The main argument for the U.S. adopting IFRS immediately is that in global financial markets it’s essential for all countries to use the same standard to ensure comparability of financial statements. This sounds reasonable, especially to those who aren’t accountants. Yet the reality is that today the overall differences between practices in the U.S. and IFRS are not especially great. For example, when global software company SAP shifted to IFRS from US-GAAP, only relatively small differences between the two approaches emerged in the years when it was reporting results in parallel. (SAP minimized differences by electing to largely follow US-GAAP revenue recognition methods.) In some industries (those affected by the differences in revenue recognition and the treatment of leases, for example) there can be meaningful differences. However, if the United States retains US-GAAP but the two systems converge on key differences, I expect that in most cases the gaps between what would be reported using either standard would be slight. Moreover, once the major areas of difference between US-GAAP and IFRS have converged, the argument that the two systems will not offer comparable results becomes specious. Indeed, IFRS is based far more on principles than US-GAAP is, and that approach creates the potential for a similar lack of strict comparability between two companies that use IFRS, even in the same industry.

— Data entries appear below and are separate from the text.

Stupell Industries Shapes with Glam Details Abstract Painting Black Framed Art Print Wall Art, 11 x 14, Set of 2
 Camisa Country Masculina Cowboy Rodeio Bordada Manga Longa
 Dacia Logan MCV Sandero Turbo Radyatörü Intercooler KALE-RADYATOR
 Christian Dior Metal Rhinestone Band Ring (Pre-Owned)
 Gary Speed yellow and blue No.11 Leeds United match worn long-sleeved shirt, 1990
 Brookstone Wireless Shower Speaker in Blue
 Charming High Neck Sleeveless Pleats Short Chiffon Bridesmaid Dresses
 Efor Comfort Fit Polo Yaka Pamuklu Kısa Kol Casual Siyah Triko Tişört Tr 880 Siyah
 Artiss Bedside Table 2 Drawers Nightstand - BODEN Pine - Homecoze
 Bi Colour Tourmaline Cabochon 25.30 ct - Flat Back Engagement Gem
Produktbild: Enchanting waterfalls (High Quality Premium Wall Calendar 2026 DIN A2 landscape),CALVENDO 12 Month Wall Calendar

I have another concern with the U.S. adopting IFRS: The eXtensible Business Reporting Language (XBRL) taxonomy in IFRS is less rich than the one developed for US-GAAP. As things stand, I believe adoption of IFRS by the U.S. would leave investors worse off in this respect. While the International Accounting Standards Board (IASB) talks a good game, I fear it will be many years before the IFRS taxonomy will become as rich in its descriptive capabilities as the US-GAAP version. The IASB views taxonomy-building as being tightly linked to standard-setting, and therefore requiring careful vetting and review. In my judgment, this is at odds with the nature of XBRL taxonomies, which are designed to be loosely coupled and dynamic. Inevitably, a more limited IASB taxonomy would lead to a considerable increase in the use of extensions and a corresponding reduction in financial statement comparability when using XBRL. This would diminish the value of XBRL in communicating financial results.
There is long-term value in the United States adopting IFRS, mainly because it will shift the accounting standard back to a principles-based approach from today’s rules-based regime. But I don’t see a great deal of value in rushing this migration if the main rationale is to achieve greater comparability, and even less if it means diminishing the value of the nascent use of XBRL for financial statement analysis and reporting.